**** Available records ****

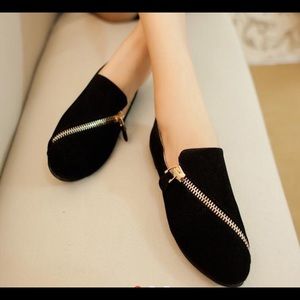 Brand new US size 7 Casual Comfortable Flat Shoes.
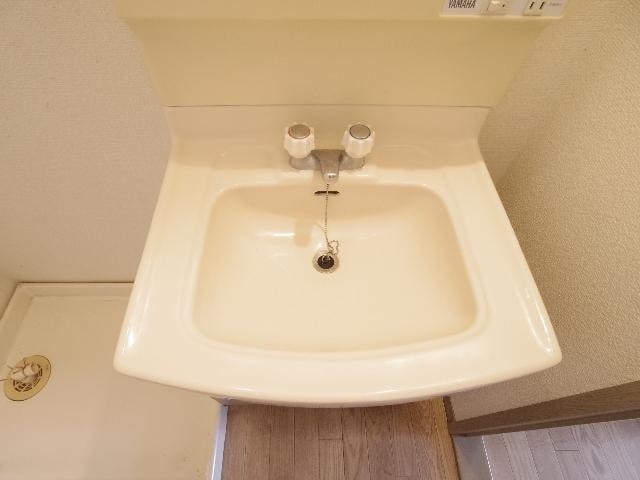  東海道本線/静岡駅 バス19分記念碑前下車:停歩3分 1階 築28年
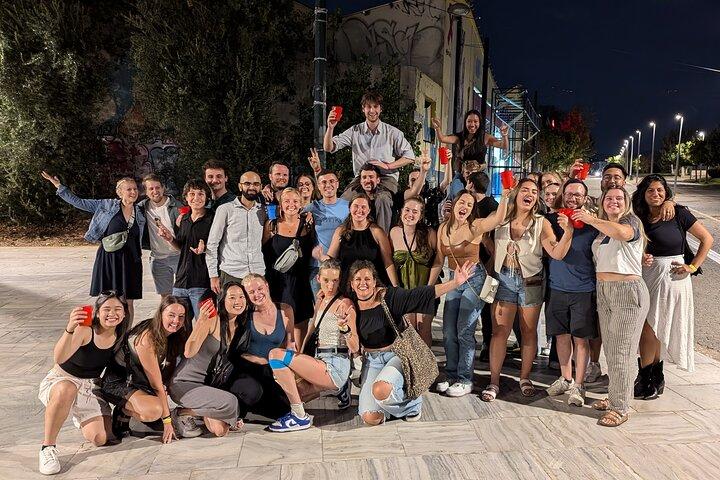 Athens Party Pub Crawl w / 1 hora de barra libre y discoteca VIP Acceso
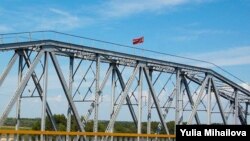 Podul peste Nistru cu steagul Transnistriei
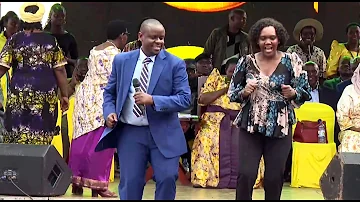 Min. Nyamutoro & Balaam dance to Eddy Kenzo's music Live on stage at Nabbanja's event in Kakumiro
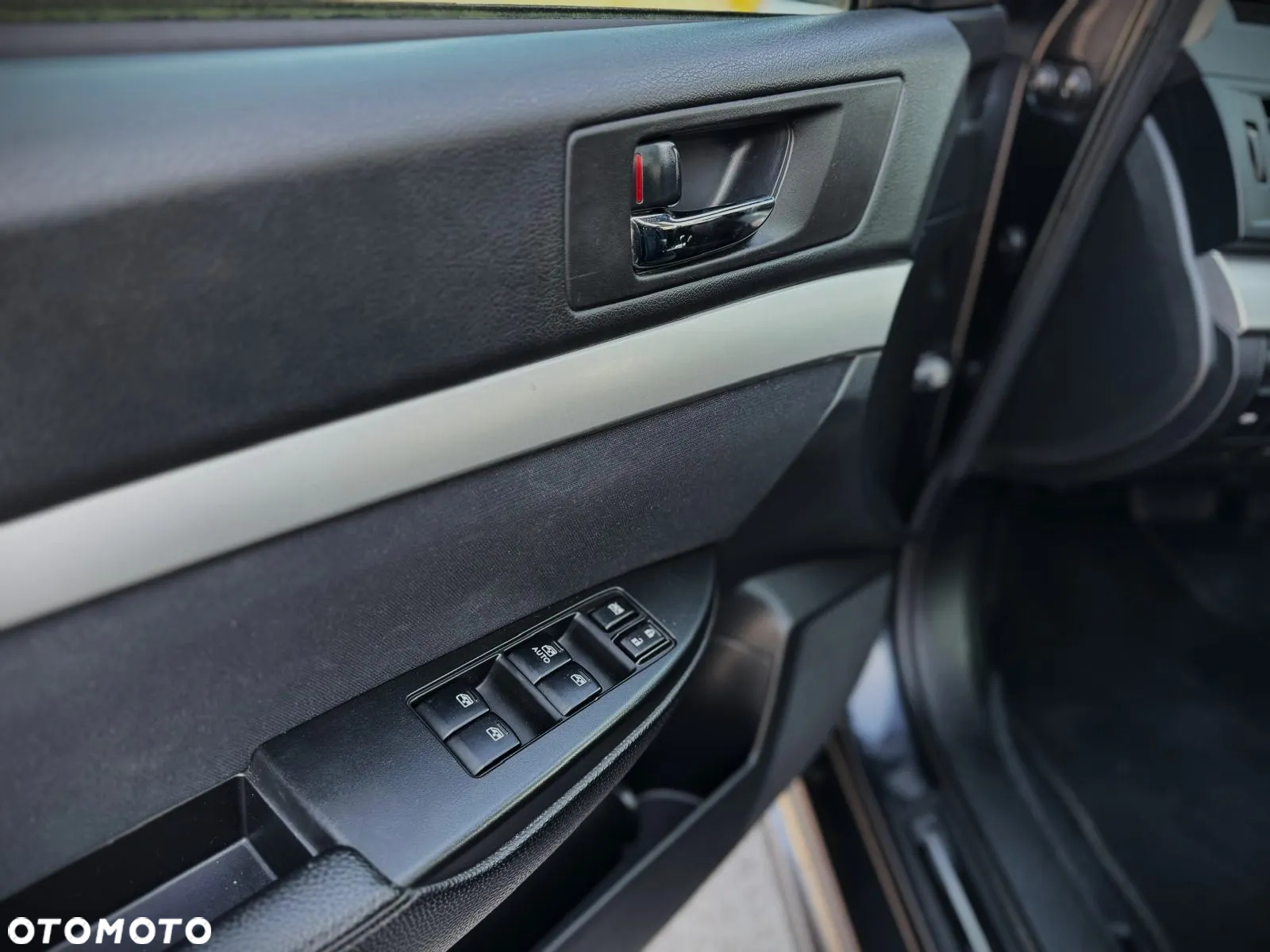 Subaru Legacy 2.0i Comfort Navi AT - 14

****

## How to complete this task
Pictures stay out; retype only the lines from the line containing "Min. Nyamutoro &" through the end of the listing, inclusive, exactly as they appear.

## Result
 Min. Nyamutoro & Balaam dance to Eddy Kenzo's music Live on stage at Nabbanja's event in Kakumiro
 Subaru Legacy 2.0i Comfort Navi AT - 14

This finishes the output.